Monsieur le rapporteur général, j’ai donné des chiffres sur le tarif de la redevance en Europe. Je ne vois pas pourquoi la France serait la dernière de la classe ! Et je ne vois pas non plus, dès lors qu’elle est dernière de la classe, pourquoi on nous propose aujourd’hui de diminuer le montant de cette contribution, alors qu’il faudrait au contraire l’augmenter.
Le Gouvernement décide cette mesure, alors que l’audiovisuel public évolue dans un environnement marqué par la concurrence des GAFA et du privé, avec TF1 notamment. Mes chers collègues, connaissez-vous beaucoup de pays où c’est le privé qui détient la première chaîne ? Moi pas !
Et avec tout cela, on nous dit que l’on va bientôt faire une loi pour renforcer l’audiovisuel : ce n’est franchement pas sérieux ! Jusqu’ici, ces sujets faisaient consensus au Sénat. Nous étions tous attachés, certes avec quelques nuances, à ce que l’audiovisuel public puisse vivre. Après tout, c’est lui qui finance la création et qui nous garantit une certaine qualité – c’est d’ailleurs la raison pour laquelle certains ont voulu l’émanciper de la publicité et le soustraire à la dictature de l’audimat.
Je ne comprends pas ce qui est en train de se passer au moment même où il faudrait a minima garantir les ressources. Personnellement, j’ai toujours proposé que l’on donne davantage d’argent à l’audiovisuel public. Aujourd’hui, je me contente de demander le maintien des financements à un niveau identique à celui de l’année dernière, ce qui correspond en réalité à leur baisse, puisque le coût de la vie augmente.
M. le président. La parole est à Mme Sylvie Robert, pour explication de vote.
Mme Sylvie Robert. S’il y a une année où il ne fallait pas prendre une telle mesure, c’est peut-être cette année.
En effet, on annonce une réforme de l’audiovisuel public pour 2020. Or l’audiovisuel public a déjà subi des coupes budgétaires et réalisé des économies depuis plusieurs années. Aujourd’hui, il arrive à un point de non-retour extrêmement préoccupant.
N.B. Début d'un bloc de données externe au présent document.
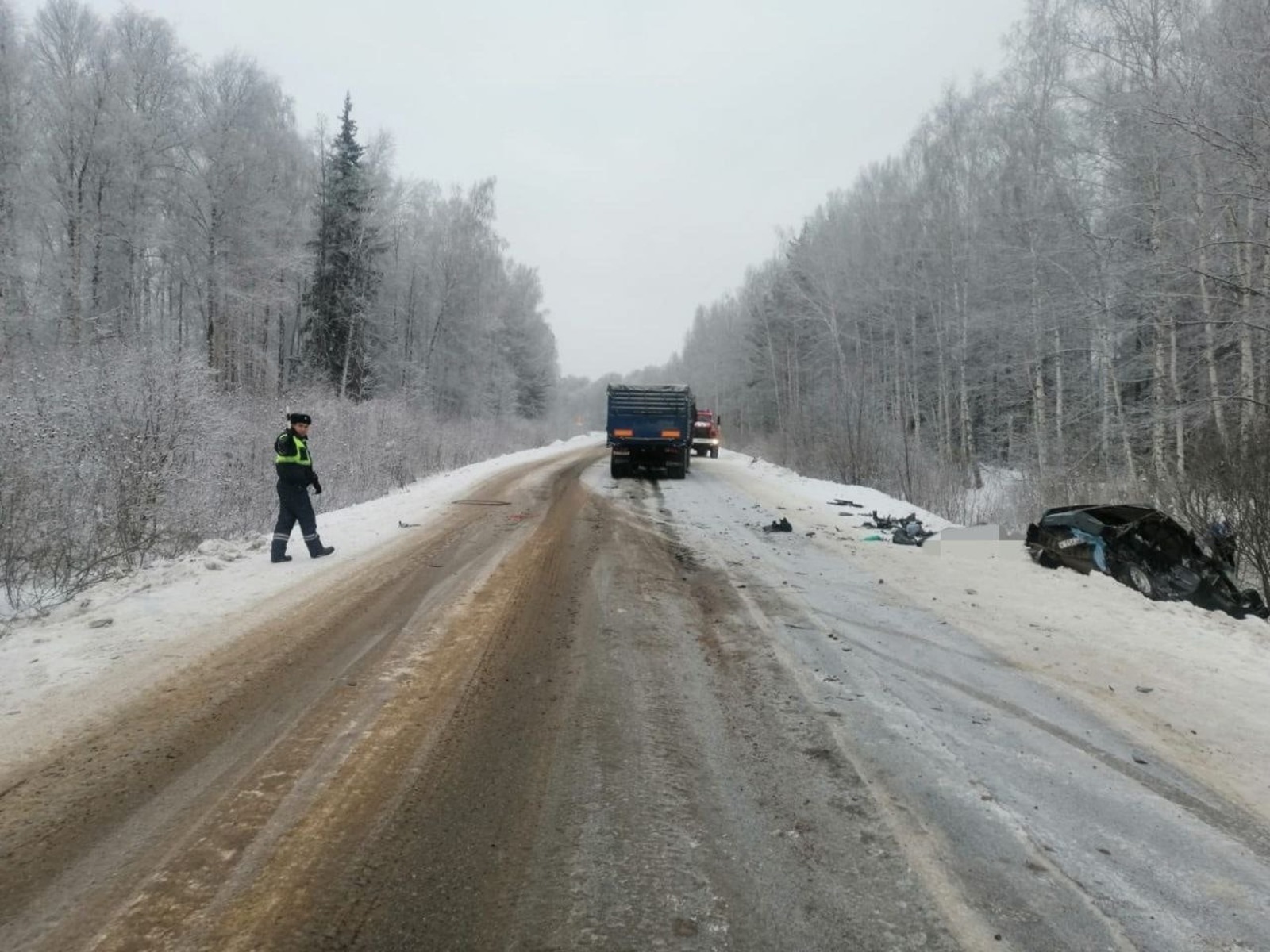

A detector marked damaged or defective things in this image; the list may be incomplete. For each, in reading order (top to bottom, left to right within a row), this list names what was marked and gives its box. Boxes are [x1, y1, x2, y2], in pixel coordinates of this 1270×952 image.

wrecked car [1021, 502, 1270, 622]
David Assouline l’a déjà dit, derrière l’audiovisuel public, c’est l’évolution des antennes de France 3 Régions qui se profile, ainsi que de celles de France Bleu. Je peux vous affirmer, puisque l’on parle de proximité et de territoires, que les conséquences de cette réforme dans un certain nombre de nos territoires seront extrêmement inquiétantes.
À raison, le rapporteur général ne veut pas ouvrir de débat sur l’audiovisuel public ce soir, mais, de toute façon, je ne crois pas que les conditions soient vraiment réunies pour que nous puissions débattre demain en toute sérénité de la réforme de l’audiovisuel public et légiférer. Cette disposition est extrêmement grave. Aucune mesure équivalente n’avait été prise depuis plus de dix ans.
M. le président. La parole est à Mme Céline Brulin, pour explication de vote.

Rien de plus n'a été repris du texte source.